Nous avions à faire deux scènes d’endeuillés dans une Église et j’ai eu la chance d’être parmi la vingtaine de comédiens qui étaient de la première, ayant été pointé par R.A pour figurer en « matante ». Un réalisateur très pointilleux qui choisit ses figurants principaux au doigt et à l’œil. Il a si peu la tête de l’emploi, qu’il s’est promené dans notre quartier général (un gymnase d’école) essayant de repérer sur place les « mononcles » qui transporteraient un cercueil. Après son départ, quand je l’ai identifié auprès des autres, les gens restaient incrédules. Il avait passé complètement inaperçu ! Il est arrivé la même chose à Marc stationné devant l’Église, regardant défiler les vedettes (et il y en a toute une brochette dans cette production !), il m’a décrit un homme petit, aspect un peu bum, quel rôle jouait-il ...

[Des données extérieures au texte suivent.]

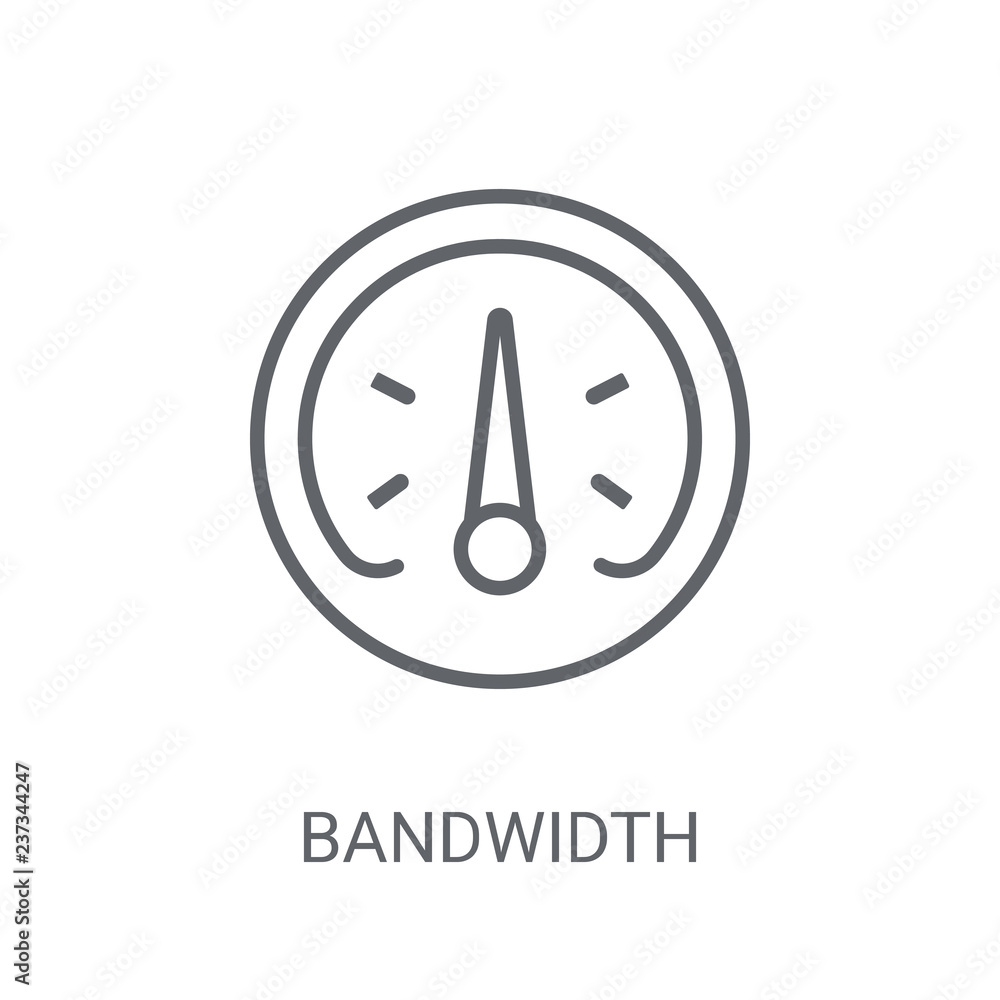 Poster bandwidth icon. trendy bandwidth logo concept on white background from web hosting collection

J’ai donc eu l’honneur d’assister de près à ce beau spectacle d’ambiance de travail recueilli et patient. C’était délicat techniquement puisqu’une grue déambulait dans l’allée centrale du lieu Saint. Elle servait à promener la caméra qui prenait les scènes de haut et qu’est-ce qu’on voit de haut ... des têtes et des épaules. Les costumières, armées d’un rouleau collant partaient à la chasse de la pellicule pour retirer cette neige indésirable sur les habits noirs. Incroyable le pouvoir grossissant d’une pellicule capable de capturer une pluie de pellicules !

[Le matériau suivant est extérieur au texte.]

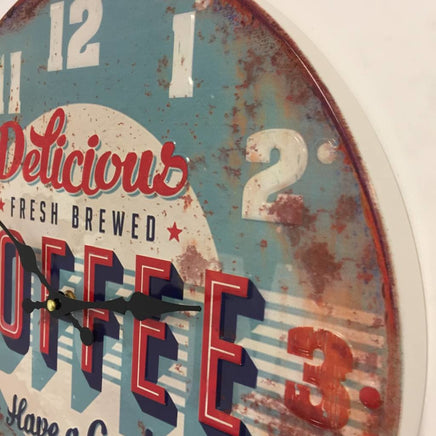 BeoXL - Wandklok retro Coffee Blue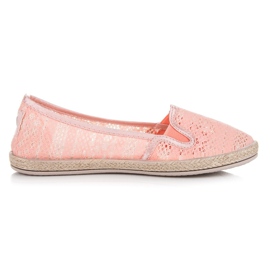 Balada Espadrilles en dentelle à enfiler orange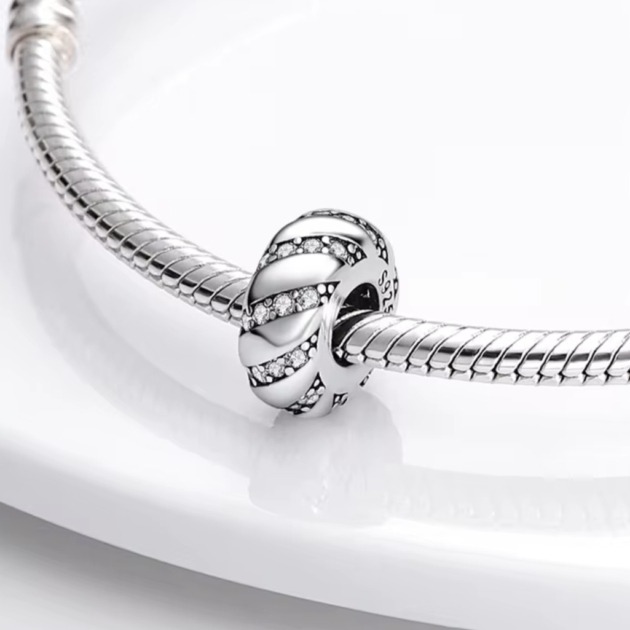 Сребърен разделител "Shine"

Cent sept figurants, plus la soixantaine de l’équipe comprenant techniciens + comédiens, ça fait bien du monde à messe ! J’ai été bouche bée devant la disposition d’esprit de chacun plaçant sa ferveur au service de Robin Aubert. Ça se voyait que chaque assistant, dont le troisième qui s’occupait de nous, prenait à cœur de répondre à la méticulosité du réalisateur, comme si c’était la sienne. Une ambiance, c’est difficile à rendre en mots, en actions un peu plus, je vous donne donc l’exemple de fin de journée où la masse noire des figurants arrive, joyeusement, sur le parvis de l’Église. Après nous avoir servi un sandwiche au thon (oui, oui, toujours la bouffe) pour tromper l’attente et la faim, on ouvre enfin les portes de l’Église. Sur ce nombre, une grosse majorité sortait d’une attente de sept heures, ça aiguise la patience et malgré cela, aussitôt installée, un silence religieux s’est installé. Pas un mot pendant au moins une heure. Impressionnée, l’équipe technique s’est mise à échanger les infos indispensables au travail à voix basse. Encore là, du jamais vu pour moi. Le comédien, Patrick Hivon (le fils à papa qui prend possession de Rumeurs) a pu reprendre son texte, au message assez lourd, dans un environnement favorisant pleinement la concentration.
Je vous laisse sur une anecdote savoureuse. Imaginez-vous une vingtaine de « mononcles » et « matantes » plantés debout dans un stationnement d’Église en attente d’un signe pour entrer, signe qui ne vient toujours pas après une vingtaine de minutes. Notre charmant troisième assistant essaie de nous distraire, il pense nous raconter une histoire d’enfance avec sa grand-mère, et arrive par derrière lui, Michel Barrette (rôle principal) comme si le mot « histoire » l’avait attiré jusque là. Il entreprend de nous raconter une anecdote personnelle « un dos barré en vacances aux États, un scanner magnétique qu’il a passé et où il a pensé mourir » ... quant à moi, c’est de rire que j’ai pensé mourir ! Cet homme est un conteur hors pair attiré par le monde sans prétention sachant très bien que c’est son public, et qu’on l’aime.
Pour ceux qui les connaissent, font aussi partie de la distribution (pour ne nommer que ceux-là) : Nicole Leblanc, Jean Lapointe, Charlotte Laurier, Bénédicte Décary, Johanne-Marie Tremblay ... et plus.